The problem with trying to identify beliefs of this nature is that they tend to be unconscious. You hardly know that they are there, much less what they say. However, one way to identify them is work backward. What you do is look back at what keeps showing up in your life and then deduce from that what the belief must be that is creating that kind of activity.
What I mean is that if people consistently treat you a certain way, then you can safely assume that they are energetically picking up on some belief that you have about yourself. They are subconsciously treating you in alignment with that belief. As an example, if people tend to ignore you all the time, then you probably have a belief that you are not worth listening to, or have nothing worthwhile to say, or are a boring person. If people continually let you down, you probably have a belief that says, “People always betray me,” or “People don’t value me.”
In yesterday’s story, Glenda’s core negative beliefs were, “I can’t trust men.” “Men will always leave me if I get close to them.” “To survive I must suppress my feelings.” She had made those right for 30 years by acting them out all through her life. My sister Jill, in Chapter 1 of my book, Radical Forgiveness based her whole life upon the belief that she would never be enough for any man. That belief came from her original wound of feeling unloved by her father.
Go back over the work you did a couple of days ago in your journal and review the patterns that showed up in your timeline, plus any others that have come to mind since. See if you can deduce a few probable beliefs that might have been acted out over those years. Then write down variations on what you think those core negative beliefs might be.
Keep in mind that the ones we are trying to discover in particular are those that seem to be connected to the original wound — the ones that have been driving your story.
To get you started, here a few examples of typical core negative beliefs:
• I will never be enough • It is not safe to be me • I am always last or left out • People always abandon me • It is not safe to speak out • I should have been a boy/girl • Life is unfair • No matter how hard I try, it is never enough • I am unworthy • It is not good to be powerful/successful/rich/outgoing • I don’t deserve to • I must always obey or suffer • I am alone • Other people are more important than me • No one will love me • I am unlovable • No one is there for me • I have to do it all myself
So, complete your list of “probable” or “likely” beliefs.
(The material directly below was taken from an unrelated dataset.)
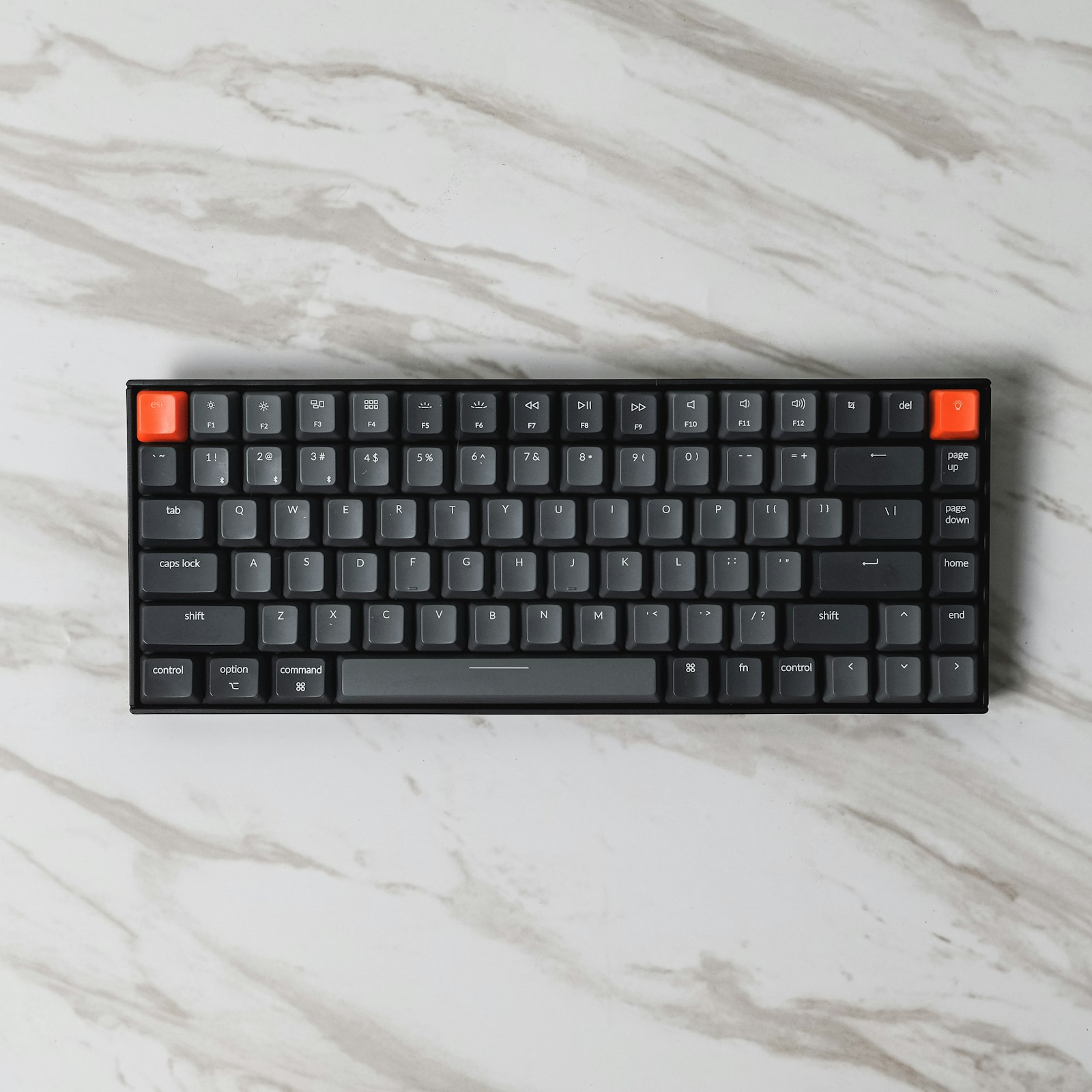 schwarze und orange Computertastatur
Then look through them and pick out the ones that seem to you to have the most resonance. Write them up in your journal first and then write each one on a separate Post-it or piece of paper. And then keep them by.
You might be wondering now, how do I get rid of these beliefs? Well, this may surprise you but, before you can get rid of them, the first thing you have to do is to love yourself for having them rather than making yourself wrong for it. Criticizing yourself for having them will only keep them stuck.
The second thing to do, which might seem even more radical than what I have just suggested, is to love each one of the beliefs. Love them as part of who you have been up to now and open to the possibility that they have served you in some way. Consider that you needed them otherwise they would not have been there, and that they might have served to protect you in some way. Love them for what they have done for you up to now, even if you cannot see what that might be.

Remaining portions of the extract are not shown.